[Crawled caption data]
______________________________
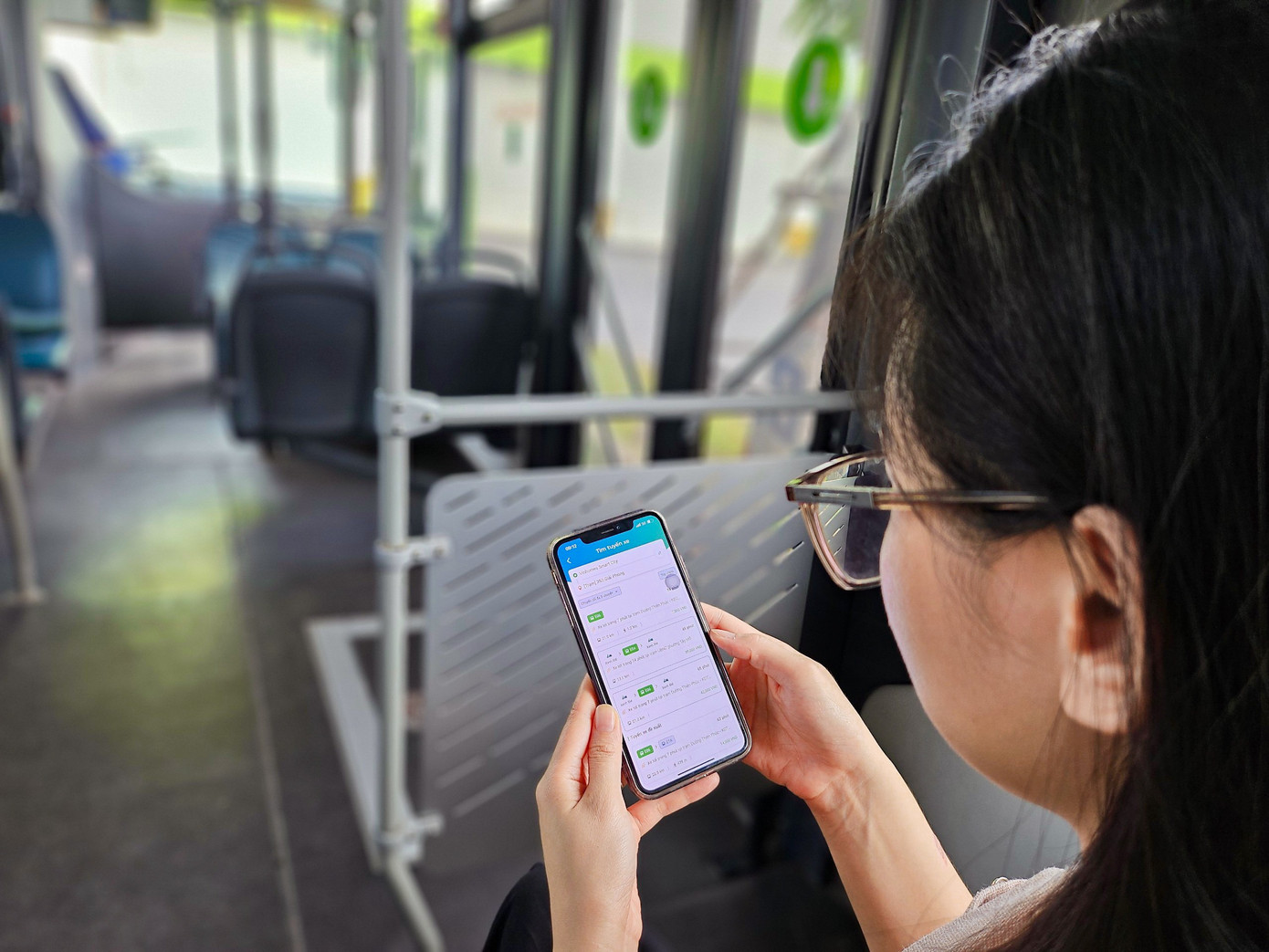 Một khách hàng đang trải nghiệm giải pháp kết nối giao thông xanh Door to Door Một khách hàng đang trải nghiệm giải pháp kết nối giao thông xanh Door to Door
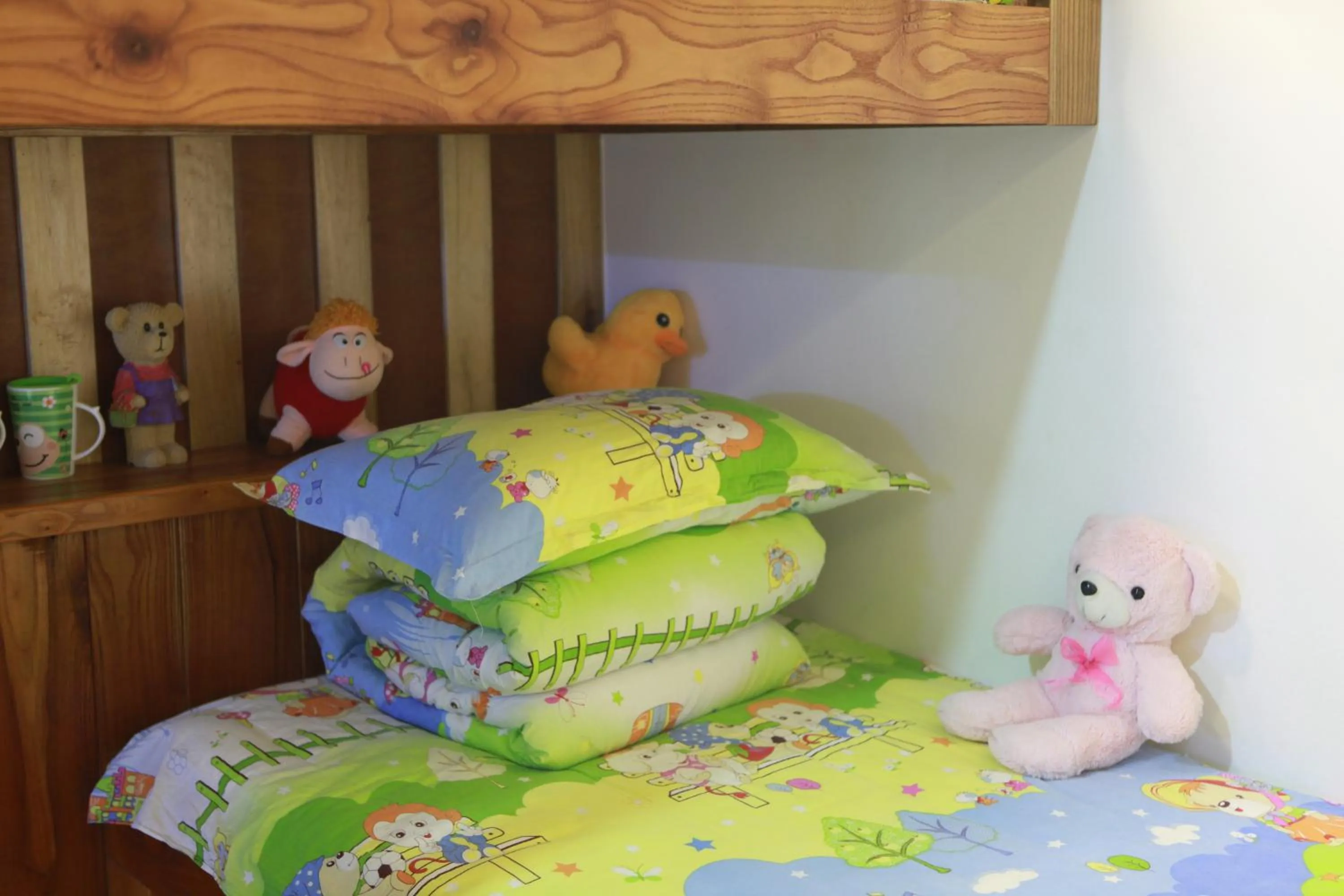 Decorative detail, Bed in Zhangjiajie Wangyi Inn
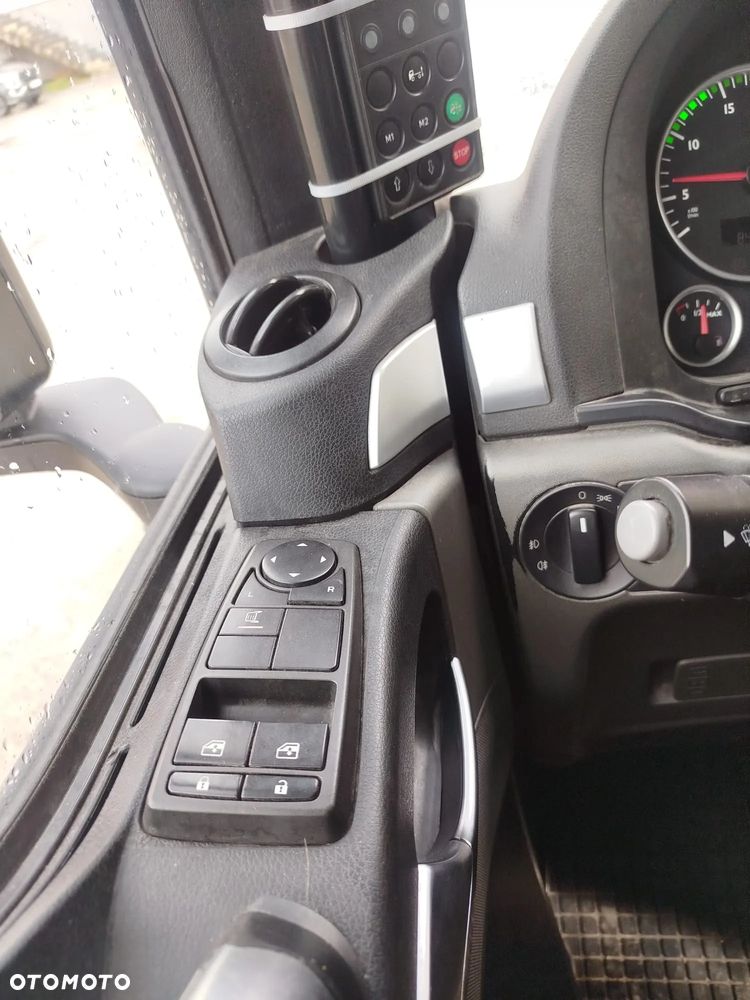 MAN TGX - 8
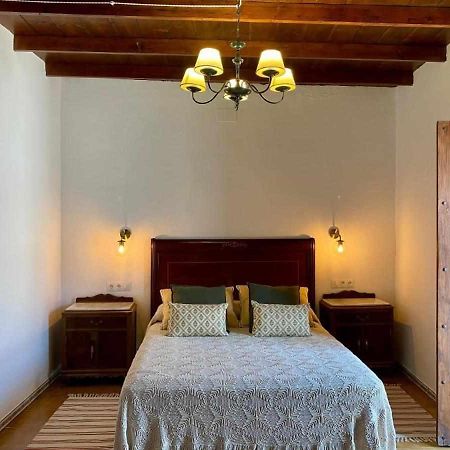 Villa La Casona de la Sierra Higuera De La Sierra  Exterior foto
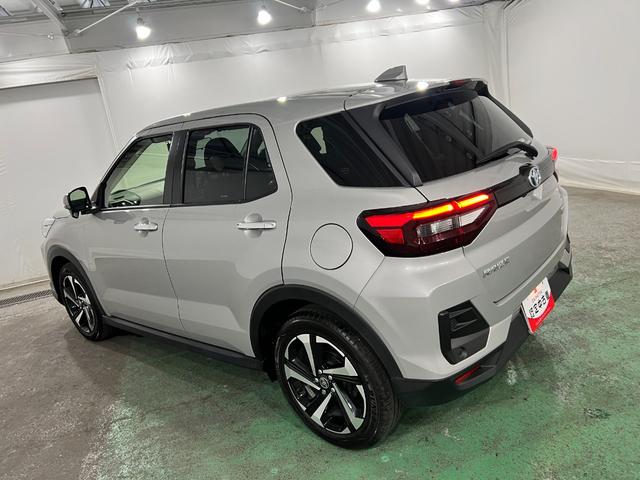 ライズＺ　走行８９０２キロ／純正フルセグナビ／前後ドラレコ１年保証距離無制限　走行距離８９０２キロ　純正フルセグナビ　バックカメラ　ドラレコ　純正マット　サイドエアバッグ　ＬＥＤヘッドランプ　アイドリングストップ　シートヒーター　オート格納式ドアミラー（埼玉県）の中古車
______________________________
:: Exercise requirements ::
Leaving the pictures aside, copy exactly and only the lines from the one holding "Decorative detail, Bed" through the final line of the data, both ends kept.

:: Solution to the exercise ::
 Decorative detail, Bed in Zhangjiajie Wangyi Inn
 MAN TGX - 8
 Villa La Casona de la Sierra Higuera De La Sierra  Exterior foto
 ライズＺ　走行８９０２キロ／純正フルセグナビ／前後ドラレコ１年保証距離無制限　走行距離８９０２キロ　純正フルセグナビ　バックカメラ　ドラレコ　純正マット　サイドエアバッグ　ＬＥＤヘッドランプ　アイドリングストップ　シートヒーター　オート格納式ドアミラー（埼玉県）の中古車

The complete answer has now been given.